Karen Ono, executive director of the Kauai Board of Realtors, said this is the highest figure for any month ever on Kaua‘i that she can recall.
The figure represents a 43-percent increase from May, 2004, according to HIS multiple-listing-service (MLS) sales statistics.
For the year-to-date, the median cost of a residential home on Kaua‘i is $585,000, a 36-percent increase.
Ono said there were currently only two residential homes available for sale on Kaua‘i for under $400,000. The first, a two-bedroom home in Kalaheo, is listed at $350,000. Ono said it had been on the market for 215 days. The other offering, in Kapa‘a, listed at $295,000 and described as a “fixer-upper,” has been on the market for 524 days.
Terry Tolman, executive vice president of the Maui Board of Realtors, said the median price for a residential home on Maui in May was $780,000, to the best of his knowledge, also a record high.
“There’s no clear indication as to why. Part of it might be a lack of low-end supply,” he said.
Lihu‘e, at 64.7 percent, Waimea, at 54.2 percent, and Koloa at 53.1 percent, were the three districts that showed the greatest leaps in median sales price increases.
The number of total residential sales for May was 60, down one from May 2004, and down 2.7 percent for the year-to-date.
But the sales volume for May as opposed to last May showed a 38.6-percent increase, and a 30.3-percent increase for the year-to-date.
Lihu‘e had three fewer sales this May than last May, yet showed a 64.7-percent increase in median-sales prices. Koloa had 10 new home sales in May, up one from last May, but the median cost soared from $394,999 in May, 2004 to $605,000 this May, an increase of 53.1 percent.
Ono said there was no obvious explanation for the high numbers. As for Koloa, Ono said, “I don’t see any new construction, and there is not much inventory,” she said.
A report in Tuesday’s USA Today, under the headline “Unbuilt houses flooding market,” points to an interesting trend.
According to the report, “the number of houses for sale even before they’re built has jumped 47 percent over the past 12 months, adding worries that overbuilding and speculation could bring the housing boom to a bust.”

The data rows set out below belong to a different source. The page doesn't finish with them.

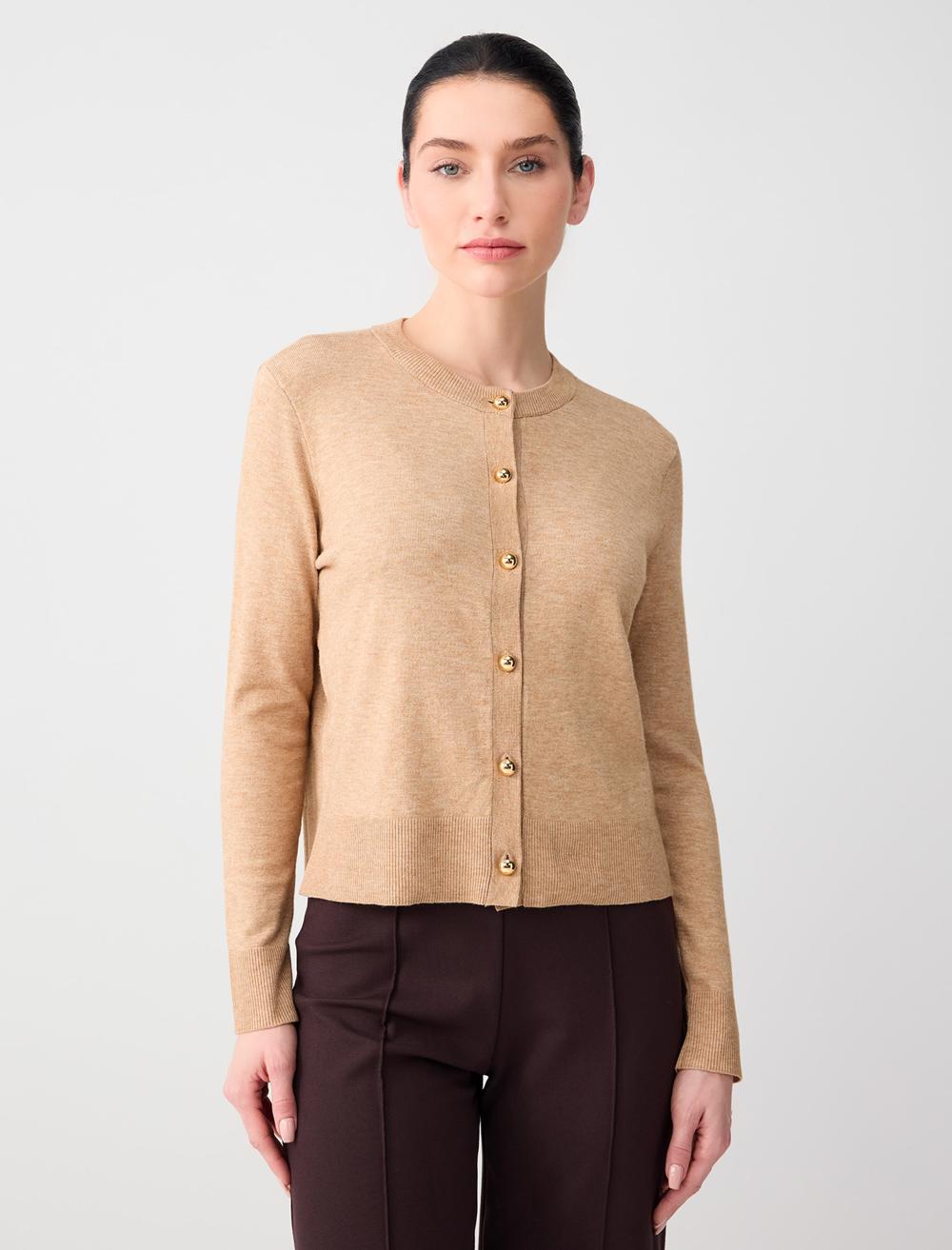 Yuvarlak Yaka Uzun Kollu Düğme Detaylı Triko Hırka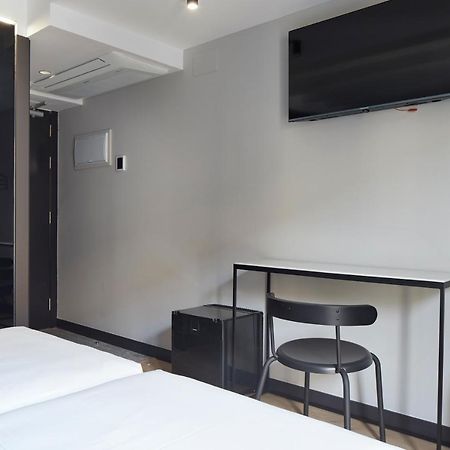 Hostal Espoz Y Mina Pamplona Bagian luar foto
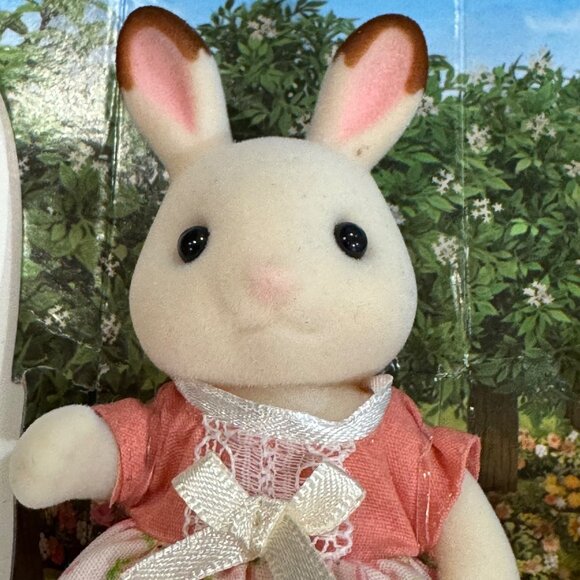 Calico Critters Chocolate Rabbit Family Figures Set New No Box - Picture 9 of 13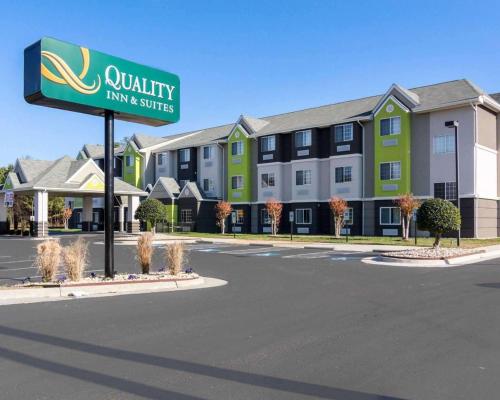 Quality Inn & Suites Ashland near Kings Dominion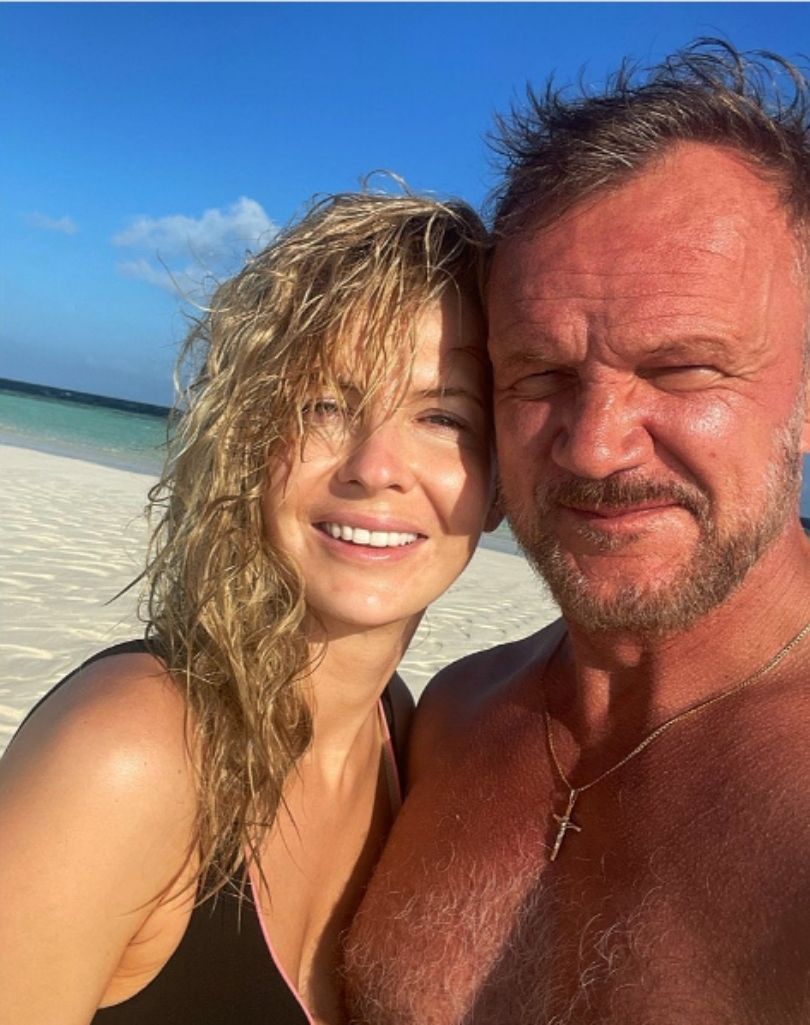 Edyta i Cezary Pazurowie świętuję 13. rocznicę ślubu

Ono said the significant increase in home prices in Lihu‘e and Koloa could be attributed to a high listing price for a particular property, or properties.

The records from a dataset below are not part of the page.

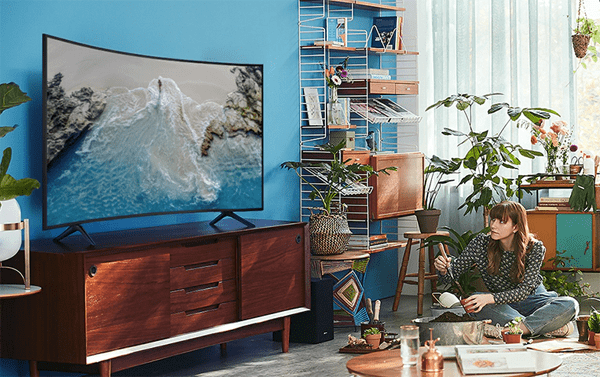 Smart TV Samsung màn hình cong Crystal UHD 4K 55 inch 55TU8300 4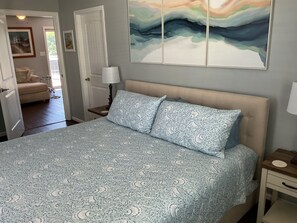 2 bedrooms, WiFi, bed sheets - Newly remodeled 2 bedroom upstairs apartment with wraparound deck all new applia (Carolina Beach)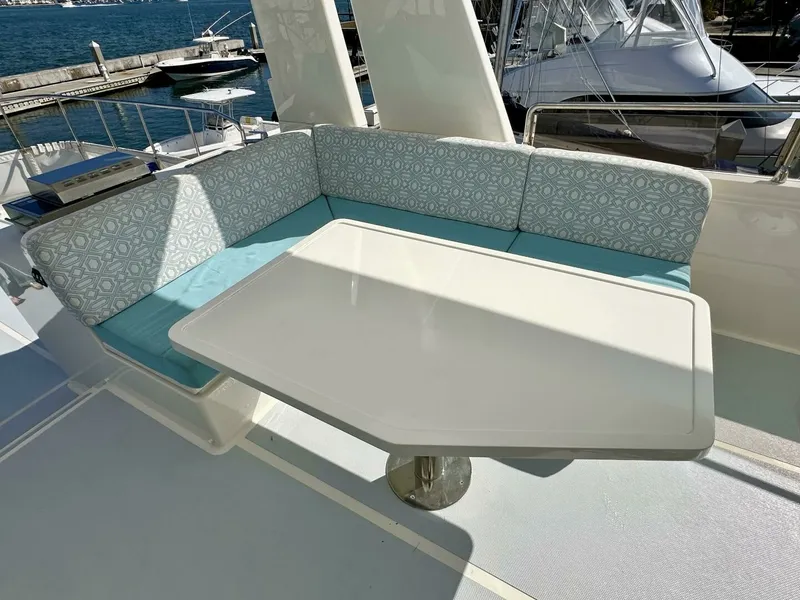 Slide: The Image of Outer Reef 62 SOUTH  PAWS - Flybridge 2023 Outer Reef Trident 620 EVO
SOUTH PAWS - 7651684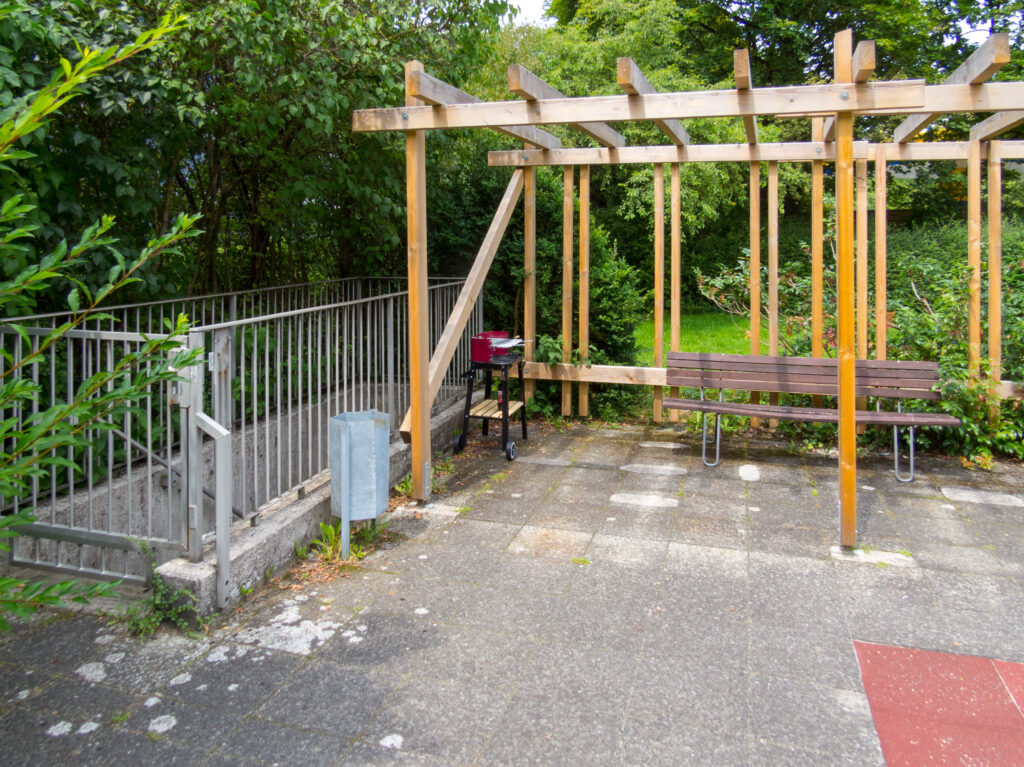 Grillen unter der Pergola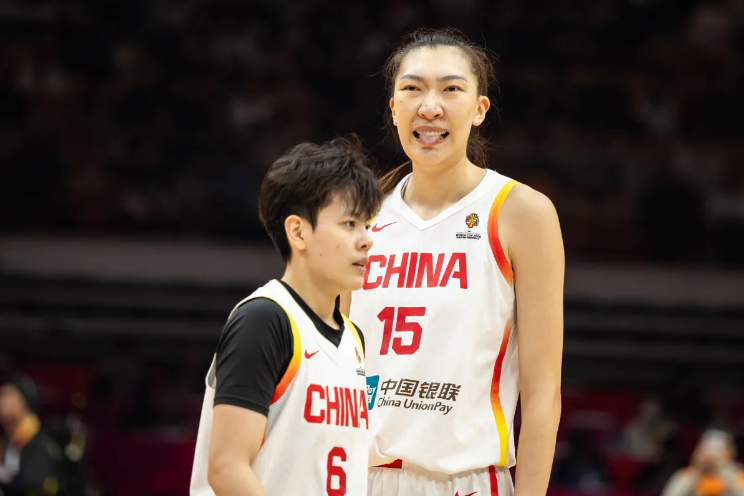 天天盈球即时比分直播-中国女篮vs捷克前瞻：张子宇王思雨率队死磕劲敌 赢球即晋级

“It’s supply and demand. We haven’t had much of a construction boom on Kaua‘i,” she said.
According to an article in the June 20 edition of Barron’s, a weekly publication by the publishers of The Wall Street Journal, Yale economist Robert Shiller said, “the market is in the throes of a bubble of unprecedented proportions that probably will end ugly.”

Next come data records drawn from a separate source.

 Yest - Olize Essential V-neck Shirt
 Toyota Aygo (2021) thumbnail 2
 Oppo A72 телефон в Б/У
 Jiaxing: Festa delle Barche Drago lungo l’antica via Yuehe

He told Barron’s, “the home-price bubble feels like the stock-market mania in the fall of 1999, just before the stock bubble burst in early 2000, with all the hype, herd investing, and absolute confidence in the inevitability of continuing price appreciation.”
He said homeowners often live in denial of market realities by listing their properties at un-realistic prices, or simply taking their homes off the market to await better times.
Shiller told Barron’s that the market has become so over-heated in many areas of the United States that any decline could pick up momentum in two to three years, when the adjustable-rate mortgages that have accounted for nearly half of all home loans in the second half of 2004 will begin to “reprice” at higher interest rates, potentially burying overly optimistic buyers sporting scant equity but hefty debt.
Low-to-no-down-payment and interest-only mortgages would only add to the possible mayhem of involuntary sales if home prices were to sag, Shiller told Barron’s.
He is quoted in the Barron’s report, saying, “These days, the only thing that comes close to real estate as a national obsession is poker.”